--- SUPPLIED MATERIAL Enclosed Below ---

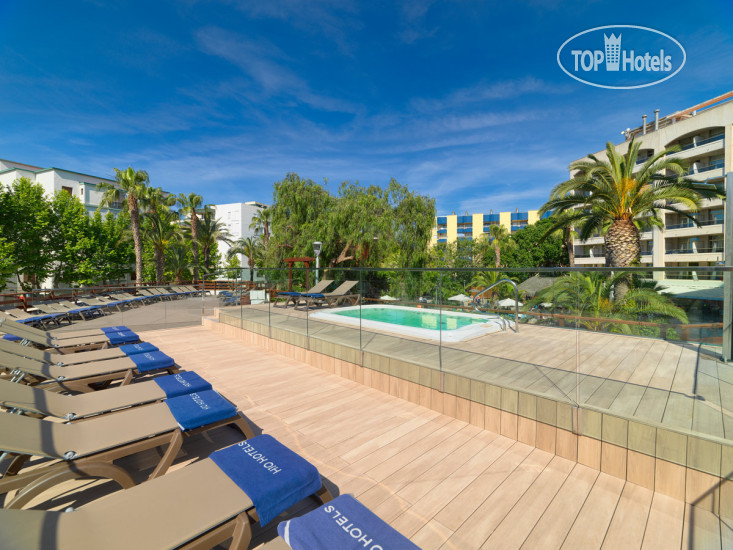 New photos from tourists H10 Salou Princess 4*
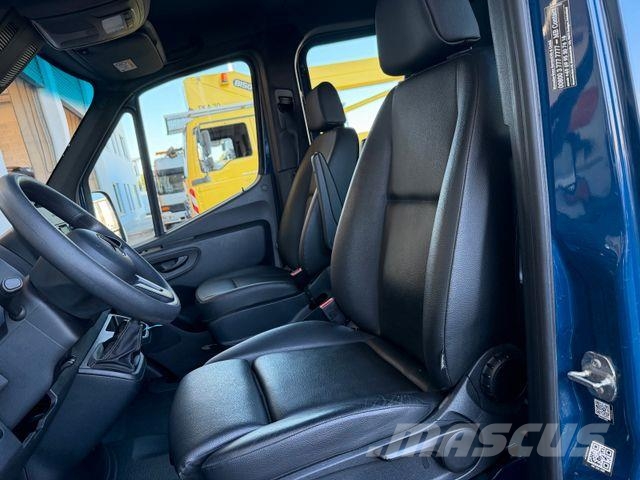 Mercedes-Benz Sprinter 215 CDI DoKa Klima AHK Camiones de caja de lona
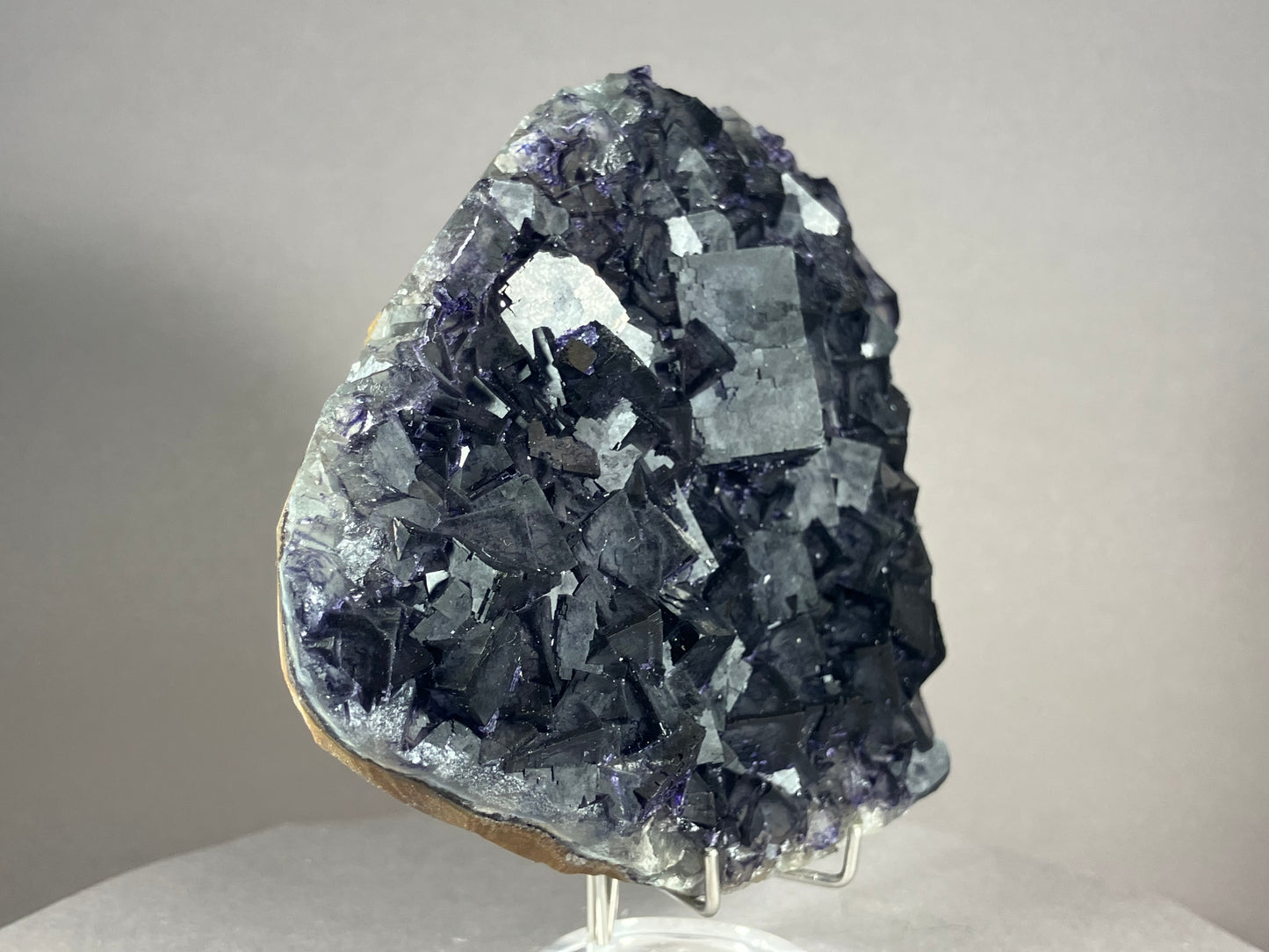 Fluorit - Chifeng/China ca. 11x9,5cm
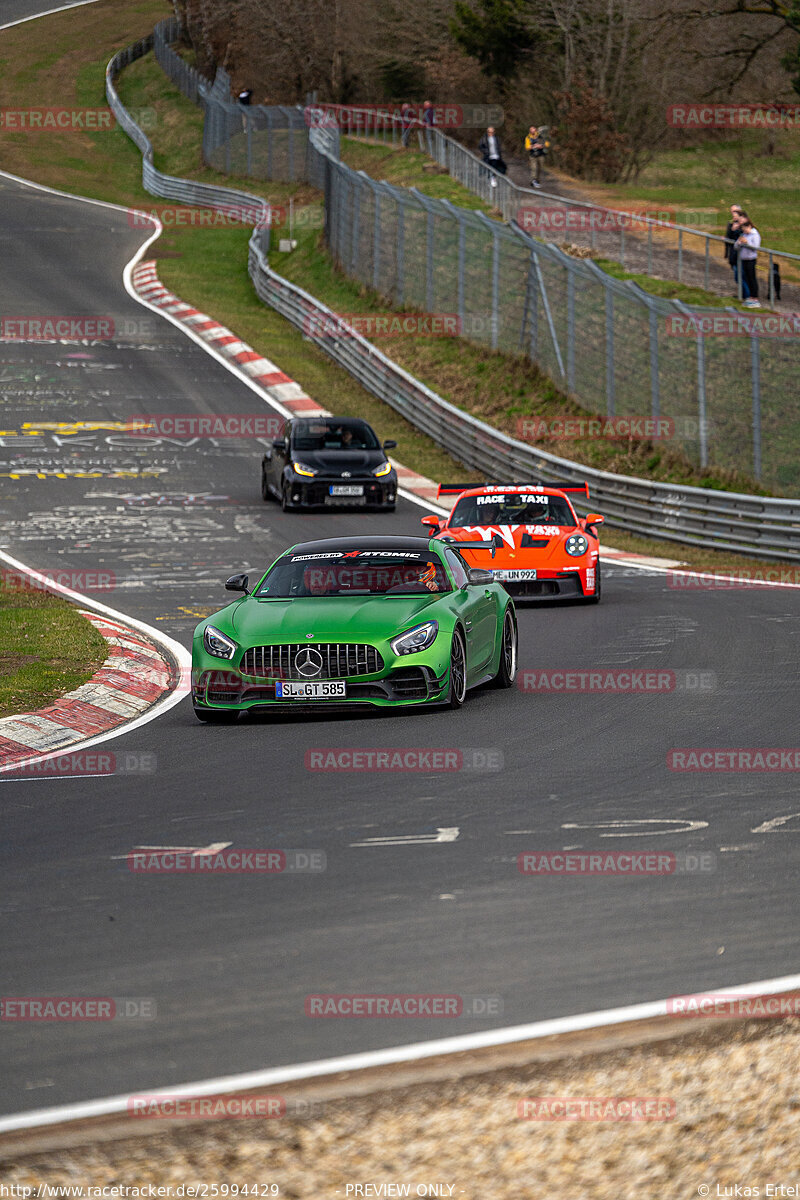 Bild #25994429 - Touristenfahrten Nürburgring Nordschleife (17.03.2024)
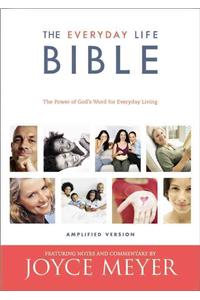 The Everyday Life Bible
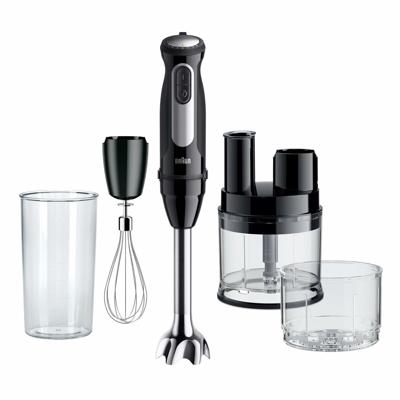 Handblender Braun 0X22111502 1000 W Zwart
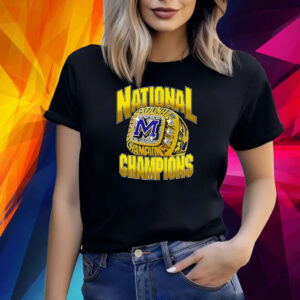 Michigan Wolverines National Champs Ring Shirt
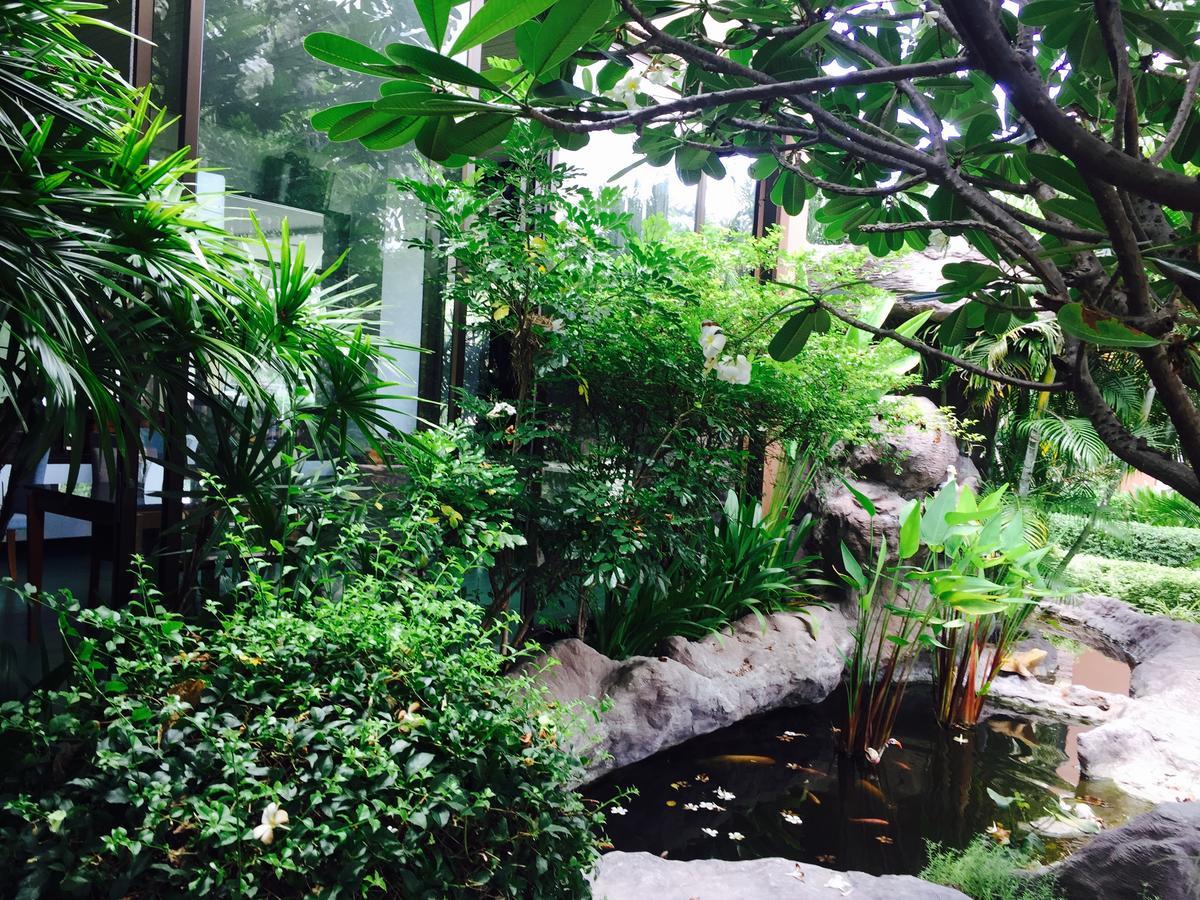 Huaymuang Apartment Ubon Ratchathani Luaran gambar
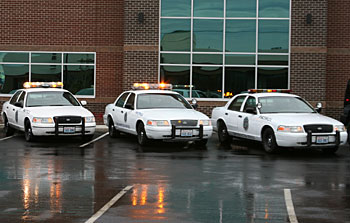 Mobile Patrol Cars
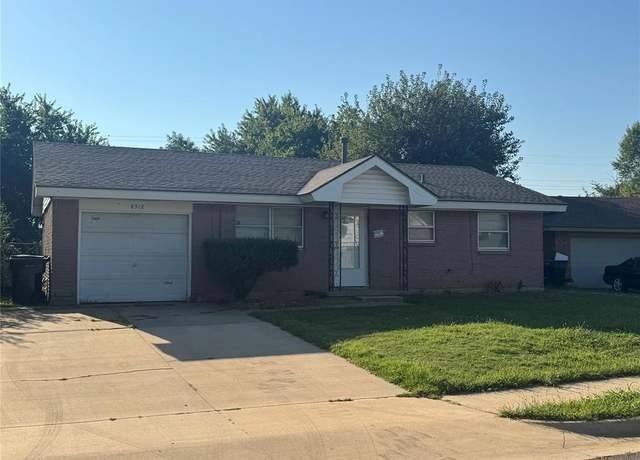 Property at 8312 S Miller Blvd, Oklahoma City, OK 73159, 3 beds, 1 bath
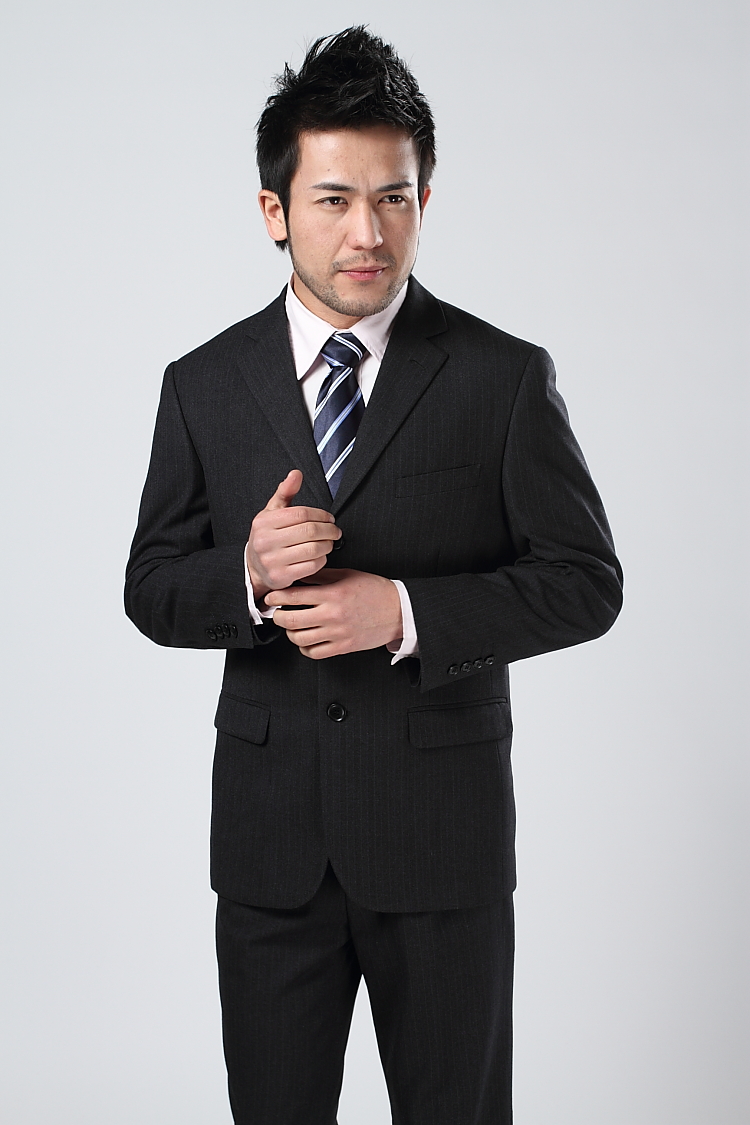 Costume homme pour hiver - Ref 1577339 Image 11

--- End of Enclosed SUPPLIED MATERIAL ---

AIM OF THE TASK —
Transcription of the lines from the one with "The Everyday Life Bible" through the end of the entries is required, exact and with no pictures.

COMPLETED EXERCISE —
 The Everyday Life Bible
 Handblender Braun 0X22111502 1000 W Zwart
 Michigan Wolverines National Champs Ring Shirt
 Huaymuang Apartment Ubon Ratchathani Luaran gambar
 Mobile Patrol Cars
 Property at 8312 S Miller Blvd, Oklahoma City, OK 73159, 3 beds, 1 bath
 Costume homme pour hiver - Ref 1577339 Image 11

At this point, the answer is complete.